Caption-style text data
^^^^^^^^^^^^^^^^

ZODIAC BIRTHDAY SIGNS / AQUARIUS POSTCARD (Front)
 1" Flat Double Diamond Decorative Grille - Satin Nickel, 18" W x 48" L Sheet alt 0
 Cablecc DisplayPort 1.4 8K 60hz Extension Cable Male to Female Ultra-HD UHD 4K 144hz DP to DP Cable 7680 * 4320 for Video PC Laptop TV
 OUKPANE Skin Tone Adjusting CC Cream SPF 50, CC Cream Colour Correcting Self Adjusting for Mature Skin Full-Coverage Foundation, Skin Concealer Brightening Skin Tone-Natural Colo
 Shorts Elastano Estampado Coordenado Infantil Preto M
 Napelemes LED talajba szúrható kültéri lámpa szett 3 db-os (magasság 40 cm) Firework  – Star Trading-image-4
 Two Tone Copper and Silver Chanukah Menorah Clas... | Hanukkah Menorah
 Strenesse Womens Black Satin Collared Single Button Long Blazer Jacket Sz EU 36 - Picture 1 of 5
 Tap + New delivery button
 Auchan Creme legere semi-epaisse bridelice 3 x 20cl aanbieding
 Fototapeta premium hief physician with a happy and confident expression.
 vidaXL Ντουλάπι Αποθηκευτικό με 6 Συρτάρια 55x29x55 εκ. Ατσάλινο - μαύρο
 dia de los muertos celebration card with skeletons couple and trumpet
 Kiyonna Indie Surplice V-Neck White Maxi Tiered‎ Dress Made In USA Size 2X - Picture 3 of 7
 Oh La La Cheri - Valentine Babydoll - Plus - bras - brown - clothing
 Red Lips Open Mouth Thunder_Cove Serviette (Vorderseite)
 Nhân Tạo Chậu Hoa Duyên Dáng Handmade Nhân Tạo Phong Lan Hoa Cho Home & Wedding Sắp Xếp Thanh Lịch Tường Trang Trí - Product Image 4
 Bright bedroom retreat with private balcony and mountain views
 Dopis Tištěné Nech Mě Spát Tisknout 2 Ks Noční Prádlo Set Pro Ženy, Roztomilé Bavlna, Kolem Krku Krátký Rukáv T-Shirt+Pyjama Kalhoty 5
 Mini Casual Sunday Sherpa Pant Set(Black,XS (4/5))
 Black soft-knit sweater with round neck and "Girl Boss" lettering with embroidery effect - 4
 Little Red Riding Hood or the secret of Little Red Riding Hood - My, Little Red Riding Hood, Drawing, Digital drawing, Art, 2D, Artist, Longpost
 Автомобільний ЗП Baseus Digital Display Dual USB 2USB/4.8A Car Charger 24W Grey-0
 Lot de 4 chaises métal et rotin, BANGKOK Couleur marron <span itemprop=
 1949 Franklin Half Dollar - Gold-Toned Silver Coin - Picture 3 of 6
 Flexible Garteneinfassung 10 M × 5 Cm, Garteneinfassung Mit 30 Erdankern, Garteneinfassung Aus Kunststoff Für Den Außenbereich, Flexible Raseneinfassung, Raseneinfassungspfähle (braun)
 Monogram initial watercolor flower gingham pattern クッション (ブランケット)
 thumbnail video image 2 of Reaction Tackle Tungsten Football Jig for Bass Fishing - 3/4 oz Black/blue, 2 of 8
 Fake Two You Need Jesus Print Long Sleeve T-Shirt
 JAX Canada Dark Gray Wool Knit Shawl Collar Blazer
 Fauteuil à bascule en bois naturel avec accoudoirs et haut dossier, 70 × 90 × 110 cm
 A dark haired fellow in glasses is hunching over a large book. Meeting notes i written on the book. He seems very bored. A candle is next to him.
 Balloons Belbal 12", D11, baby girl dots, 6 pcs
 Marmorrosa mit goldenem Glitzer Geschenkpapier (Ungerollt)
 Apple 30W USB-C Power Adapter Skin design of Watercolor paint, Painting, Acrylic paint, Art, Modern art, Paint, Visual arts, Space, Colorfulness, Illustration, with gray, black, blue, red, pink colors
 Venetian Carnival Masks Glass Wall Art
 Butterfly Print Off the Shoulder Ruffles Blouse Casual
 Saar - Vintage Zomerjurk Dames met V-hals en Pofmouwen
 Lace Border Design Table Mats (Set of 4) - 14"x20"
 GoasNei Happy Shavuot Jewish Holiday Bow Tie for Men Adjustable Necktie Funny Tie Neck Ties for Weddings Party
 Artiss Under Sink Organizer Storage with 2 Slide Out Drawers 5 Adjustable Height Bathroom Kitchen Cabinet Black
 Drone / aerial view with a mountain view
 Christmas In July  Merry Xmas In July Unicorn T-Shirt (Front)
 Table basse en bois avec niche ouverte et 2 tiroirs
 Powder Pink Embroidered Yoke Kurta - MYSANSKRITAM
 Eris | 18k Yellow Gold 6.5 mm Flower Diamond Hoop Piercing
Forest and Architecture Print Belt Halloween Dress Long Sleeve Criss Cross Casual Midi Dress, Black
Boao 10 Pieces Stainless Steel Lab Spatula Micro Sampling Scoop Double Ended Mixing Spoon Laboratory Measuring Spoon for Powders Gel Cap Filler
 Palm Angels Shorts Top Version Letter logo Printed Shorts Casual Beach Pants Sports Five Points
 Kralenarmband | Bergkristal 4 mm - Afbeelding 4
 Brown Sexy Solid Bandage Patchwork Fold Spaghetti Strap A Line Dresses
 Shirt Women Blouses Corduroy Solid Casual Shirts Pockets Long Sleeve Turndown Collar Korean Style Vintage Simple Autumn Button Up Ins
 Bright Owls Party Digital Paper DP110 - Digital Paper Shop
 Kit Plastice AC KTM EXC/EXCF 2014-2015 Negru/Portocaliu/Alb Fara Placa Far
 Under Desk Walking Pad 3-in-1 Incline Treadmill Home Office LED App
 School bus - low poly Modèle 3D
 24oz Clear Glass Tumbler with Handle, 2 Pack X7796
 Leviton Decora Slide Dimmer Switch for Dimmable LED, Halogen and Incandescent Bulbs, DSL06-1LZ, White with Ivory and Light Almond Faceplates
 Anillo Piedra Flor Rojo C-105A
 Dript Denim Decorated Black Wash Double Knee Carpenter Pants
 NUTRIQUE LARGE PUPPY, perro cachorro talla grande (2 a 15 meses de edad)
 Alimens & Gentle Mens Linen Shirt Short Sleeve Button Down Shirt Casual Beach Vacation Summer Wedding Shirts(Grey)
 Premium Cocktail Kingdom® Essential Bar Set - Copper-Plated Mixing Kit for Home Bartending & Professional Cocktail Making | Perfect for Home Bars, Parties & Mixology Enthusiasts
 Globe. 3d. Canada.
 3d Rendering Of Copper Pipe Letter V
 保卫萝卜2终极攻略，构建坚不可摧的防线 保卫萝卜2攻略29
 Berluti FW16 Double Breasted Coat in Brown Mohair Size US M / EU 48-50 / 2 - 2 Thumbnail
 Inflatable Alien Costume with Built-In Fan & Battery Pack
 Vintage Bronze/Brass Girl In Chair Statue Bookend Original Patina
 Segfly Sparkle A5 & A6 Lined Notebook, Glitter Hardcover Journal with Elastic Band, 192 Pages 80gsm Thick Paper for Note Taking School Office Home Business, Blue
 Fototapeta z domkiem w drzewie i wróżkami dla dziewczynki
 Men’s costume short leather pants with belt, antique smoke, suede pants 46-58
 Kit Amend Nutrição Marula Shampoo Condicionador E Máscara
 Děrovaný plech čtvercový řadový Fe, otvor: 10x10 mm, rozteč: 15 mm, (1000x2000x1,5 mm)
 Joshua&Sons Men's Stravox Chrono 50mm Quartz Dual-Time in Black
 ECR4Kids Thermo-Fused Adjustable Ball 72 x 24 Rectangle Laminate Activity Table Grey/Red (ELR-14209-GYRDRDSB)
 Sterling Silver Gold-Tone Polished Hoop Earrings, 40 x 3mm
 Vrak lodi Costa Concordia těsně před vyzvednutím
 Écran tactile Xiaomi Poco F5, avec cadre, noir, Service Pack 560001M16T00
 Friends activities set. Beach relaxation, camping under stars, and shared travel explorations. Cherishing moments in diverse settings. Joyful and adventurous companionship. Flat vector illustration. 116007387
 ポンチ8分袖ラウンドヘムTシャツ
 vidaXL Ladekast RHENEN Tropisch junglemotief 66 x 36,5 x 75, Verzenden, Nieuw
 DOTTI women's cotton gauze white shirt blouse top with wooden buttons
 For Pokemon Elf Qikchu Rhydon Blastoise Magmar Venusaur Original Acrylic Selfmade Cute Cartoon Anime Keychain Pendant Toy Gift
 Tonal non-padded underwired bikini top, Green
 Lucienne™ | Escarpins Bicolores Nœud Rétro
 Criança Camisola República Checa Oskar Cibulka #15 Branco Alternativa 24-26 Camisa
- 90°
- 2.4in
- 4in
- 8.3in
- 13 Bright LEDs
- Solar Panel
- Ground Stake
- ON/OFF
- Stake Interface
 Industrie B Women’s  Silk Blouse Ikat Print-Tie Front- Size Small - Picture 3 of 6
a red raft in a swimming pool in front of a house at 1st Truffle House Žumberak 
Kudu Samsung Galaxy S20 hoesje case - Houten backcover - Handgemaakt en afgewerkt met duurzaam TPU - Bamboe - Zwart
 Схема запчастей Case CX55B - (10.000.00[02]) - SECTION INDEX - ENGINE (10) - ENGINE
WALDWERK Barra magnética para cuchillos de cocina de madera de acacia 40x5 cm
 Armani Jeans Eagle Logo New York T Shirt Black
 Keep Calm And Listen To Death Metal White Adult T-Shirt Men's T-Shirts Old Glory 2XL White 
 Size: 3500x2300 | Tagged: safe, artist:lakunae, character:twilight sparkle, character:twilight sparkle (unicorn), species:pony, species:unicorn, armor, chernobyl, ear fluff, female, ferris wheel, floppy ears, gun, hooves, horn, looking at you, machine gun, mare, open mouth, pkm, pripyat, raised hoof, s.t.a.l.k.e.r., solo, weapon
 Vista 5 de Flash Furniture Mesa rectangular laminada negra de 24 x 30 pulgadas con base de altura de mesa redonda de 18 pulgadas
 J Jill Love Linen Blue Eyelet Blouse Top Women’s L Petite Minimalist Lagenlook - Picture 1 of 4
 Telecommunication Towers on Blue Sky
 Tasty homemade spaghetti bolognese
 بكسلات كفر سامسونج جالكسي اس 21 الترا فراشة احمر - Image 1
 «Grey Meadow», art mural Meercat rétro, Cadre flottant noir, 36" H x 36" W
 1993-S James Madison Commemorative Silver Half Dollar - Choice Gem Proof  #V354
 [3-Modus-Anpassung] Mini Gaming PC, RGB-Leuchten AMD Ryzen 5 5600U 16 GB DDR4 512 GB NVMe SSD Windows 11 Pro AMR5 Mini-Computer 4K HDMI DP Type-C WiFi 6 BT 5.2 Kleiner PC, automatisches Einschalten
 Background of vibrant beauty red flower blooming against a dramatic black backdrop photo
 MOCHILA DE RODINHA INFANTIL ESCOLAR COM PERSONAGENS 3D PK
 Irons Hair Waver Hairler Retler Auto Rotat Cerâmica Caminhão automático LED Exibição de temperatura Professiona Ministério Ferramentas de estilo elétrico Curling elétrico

^^^^^^^^^^^^^^^^

== What you will do ==
Leave out every line above except those from the line with "- Solar Panel" up to and including the line with "Kudu Samsung Galaxy", and copy those exactly.

== Task output ==
- Solar Panel
- Ground Stake
- ON/OFF
- Stake Interface
 Industrie B Women’s  Silk Blouse Ikat Print-Tie Front- Size Small - Picture 3 of 6
a red raft in a swimming pool in front of a house at 1st Truffle House Žumberak 
Kudu Samsung Galaxy S20 hoesje case - Houten backcover - Handgemaakt en afgewerkt met duurzaam TPU - Bamboe - Zwart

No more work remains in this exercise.